Lunes 03 de Septiembre de 2018
San Gregorio Magno, papa y doctor de la Iglesia
Memoria. Blanco.
Martirologio Romano: Memoria de san Gregorio I Magno, papa y doctor de la Iglesia, que siendo monje ejerció ya de legado pontificio en Constantinopla y después, en tal día, fue elegido Romano Pontífice. Arregló problemas temporales y, como siervo de los siervos, atendió a los cuidados espirituales, mostrándose como verdadero pastor en el gobierno de la Iglesia, ayudando sobre manera a los necesitados, fomentando la vida monástica y propagando y reafirmando la fe por doquier, para lo cual escribió muchas y célebres obras sobre temas morales y pastorales. Murió el 12 de marzo de 604.
Antífona de entrada
El bienaventurado Gregorio, elevado a la cátedra de Pedro, buscaba siempre el rostro del Señor, y permanecía en la contemplación de su amor.
Oración colecta
Señor Dios nuestro, que cuidas a tu pueblo con misericordia y lo gobiernas con amor, por la intercesión del papa san Gregorio concede el espíritu de sabiduría a quienes encomendaste la conducción de tu rebaño, y haz que la santidad de los fieles sea el gozo eterno de sus pastores. Por nuestro Señor Jesucristo...
Oración sobre las ofrendas
En la fiesta de san Gregorio, te pedimos, Señor, que sea de provecho para nosotros este sacrificio, por el cual quisiste borrar los pecados del mundo Por Jesucristo, nuestro Señor.
Antífona Cf. Lc 12, 42
Este es el administrador fiel y previsor, a quien el Señor ha puesto al frente de su casa para distribuir la ración de trigo en el momento oportuno.
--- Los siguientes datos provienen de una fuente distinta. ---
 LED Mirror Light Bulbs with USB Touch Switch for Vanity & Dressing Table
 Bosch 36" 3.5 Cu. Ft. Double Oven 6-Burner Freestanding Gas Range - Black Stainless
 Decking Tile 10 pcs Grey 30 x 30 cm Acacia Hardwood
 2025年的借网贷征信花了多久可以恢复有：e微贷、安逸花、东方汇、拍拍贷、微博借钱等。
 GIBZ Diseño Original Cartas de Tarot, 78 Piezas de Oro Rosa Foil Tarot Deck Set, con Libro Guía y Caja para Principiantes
Oración después de la comunión
Te pedimos, Padre, que a tus hijos alimentados con Cristo, Pan de vida, también los instruyas por Cristo, verdadero Maestro, para que, en la fiesta de san Gregorio, reciban tu verdad y la realicen en el amor. Por Jesucristo, nuestro Señor.
Lectura 1Cor 2, 1-5
Lectura de la primera carta del apóstol san Pablo a los cristianos de Corinto.
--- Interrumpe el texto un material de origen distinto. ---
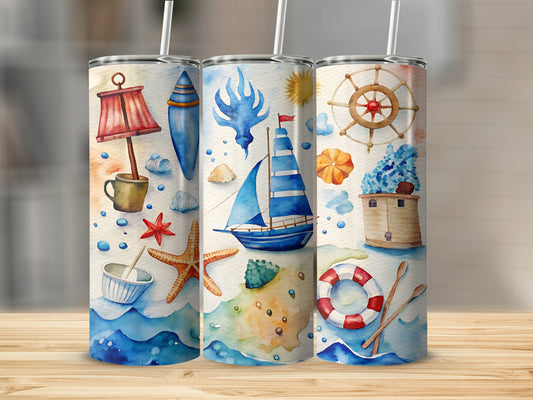 Watercolor beach scene with lighthouse, sailboat, and starfish on three tumblers.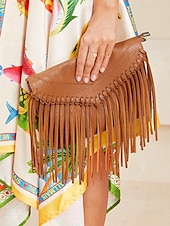 levne Tašky přes rameno-dámská hnědá třásňová crossbody kabelka s nastavitelným popruhem pro boho chic styl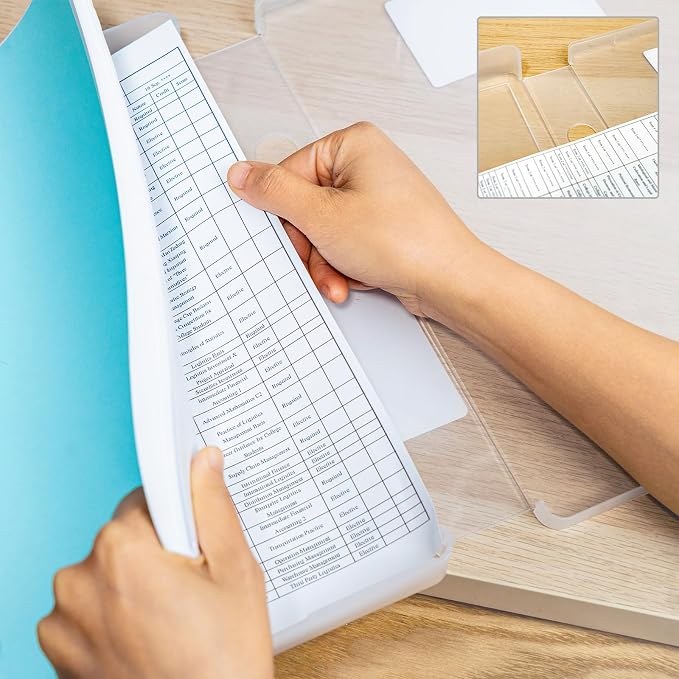 12 Packs A4 Paper Storage Boxes, 8.5 x 11 Plastic Portable Project Case for US letter Size and A4 paper, Plastic Multi-Purpose Thick Scrapbook Storage Box for Office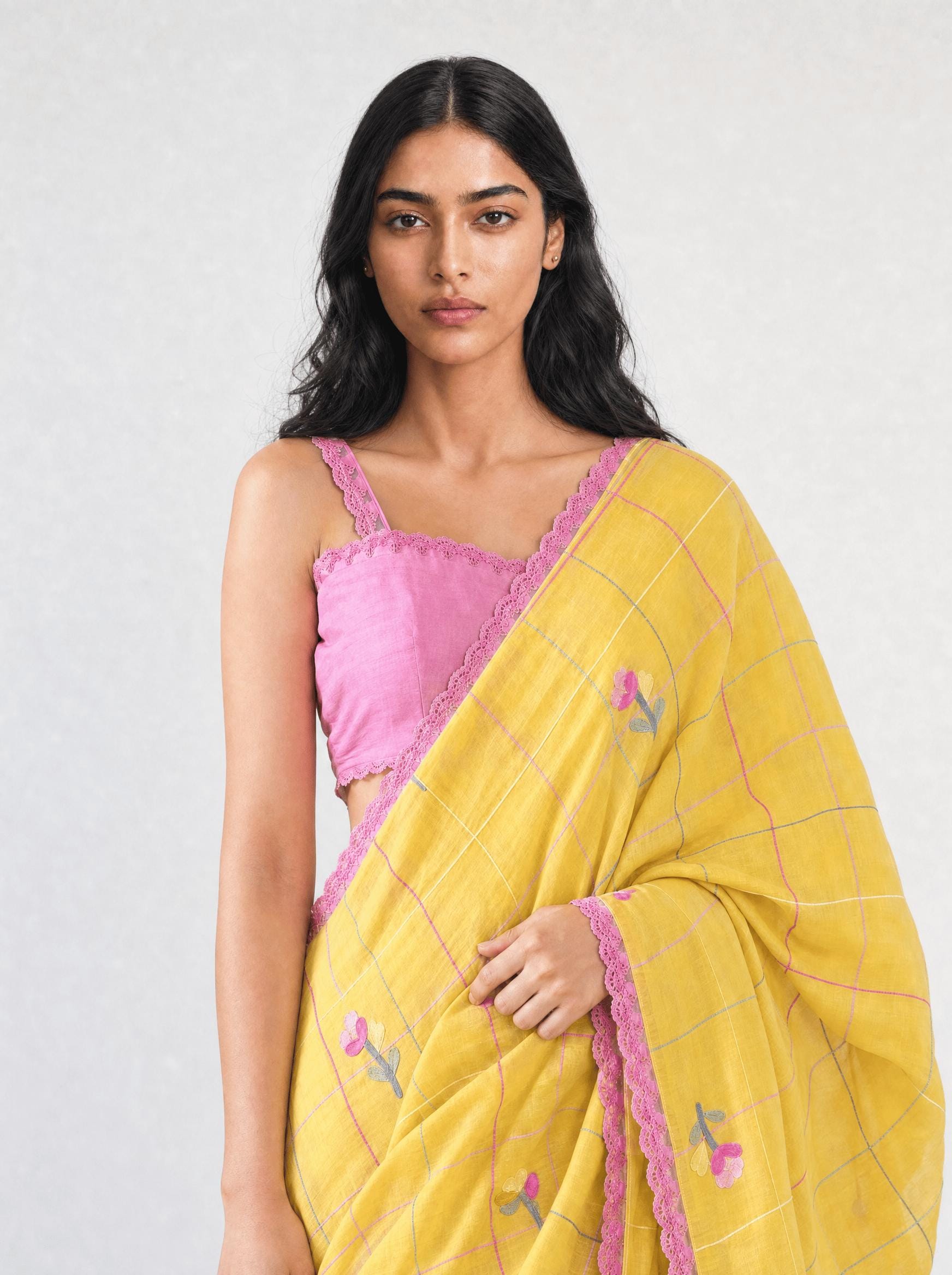 Embroidered Saree Saree Mustard Yellow & Pink Mul Chanderi Saree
Hermanos: Cuando los visité para anunciarles el misterio de Dios, no llegué con el prestigio de la elocuencia o de la sabiduría. Al contrario, no quise saber nada, fuera de Jesucristo, y Jesucristo crucificado. Por eso, me presenté ante ustedes débil, temeroso y vacilante. Mi palabra y mi predicación no tenían nada de la argumentación persuasiva de la sabiduría humana, sino que eran demostración del poder del Espíritu, para que ustedes no basaran su fe en la sabiduría de los hombres, sino en el poder de Dios.
Palabra de Dios.
Comentario
San Pablo predicó en medio del ambiente griego, donde se destacaban maestros y filósofos por su retórica y su persuasión. San Pablo estaba convencido de que la fuerza de la predicación no radica en la elocuencia humana, sino en el tesoro maravilloso de la Buena Noticia: el Nombre de Jesucristo que actúa sobre nuestras vidas.
Salmo Sal 118, 97-102
R. ¡Cuánto amo tu ley, Señor!
¡Cuánto amo tu ley, todo el día la medito! Tus mandamientos me hacen más sabio que mis enemigos, porque siempre me acompañan. R.
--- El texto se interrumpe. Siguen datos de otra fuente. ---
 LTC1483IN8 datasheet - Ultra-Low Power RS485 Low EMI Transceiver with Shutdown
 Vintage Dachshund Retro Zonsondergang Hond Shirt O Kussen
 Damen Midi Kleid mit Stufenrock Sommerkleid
Soy más prudente que todos mis maestros, porque siempre medito tus prescripciones. Soy más inteligente que los ancianos, porque observo tus preceptos. R.
Yo aparto mis pies del mal camino, para cumplir tu palabra. No me separo de tus juicios, porque eres tú el que me enseñas. R.
Aleluya Lc 4, 18
Aleluya. El Espíritu del Señor está sobre mí; él me envió a llevar la Buena Noticia a los pobres. Aleluya.
Evangelio Lc 4, 16-30
Evangelio de nuestro Señor Jesucristo según san Lucas.
En aquel tiempo, Jesús se fue a Nazaret, donde se había criado y, según su costumbre, entró en la sinagoga el día de sábado, y se levantó para hacer la lectura. Le entregaron el volumen del profeta Isaías y desenrollando el volumen, halló el pasaje donde estaba escrito: «El Espíritu del Señor está sobre mí, porque me ha ungido para anunciar a los pobres la Buena Nueva, me ha enviado a proclamar la liberación a los cautivos y la vista a los ciegos, para dar la libertad a los oprimidos y proclamar un año de gracia del Señor».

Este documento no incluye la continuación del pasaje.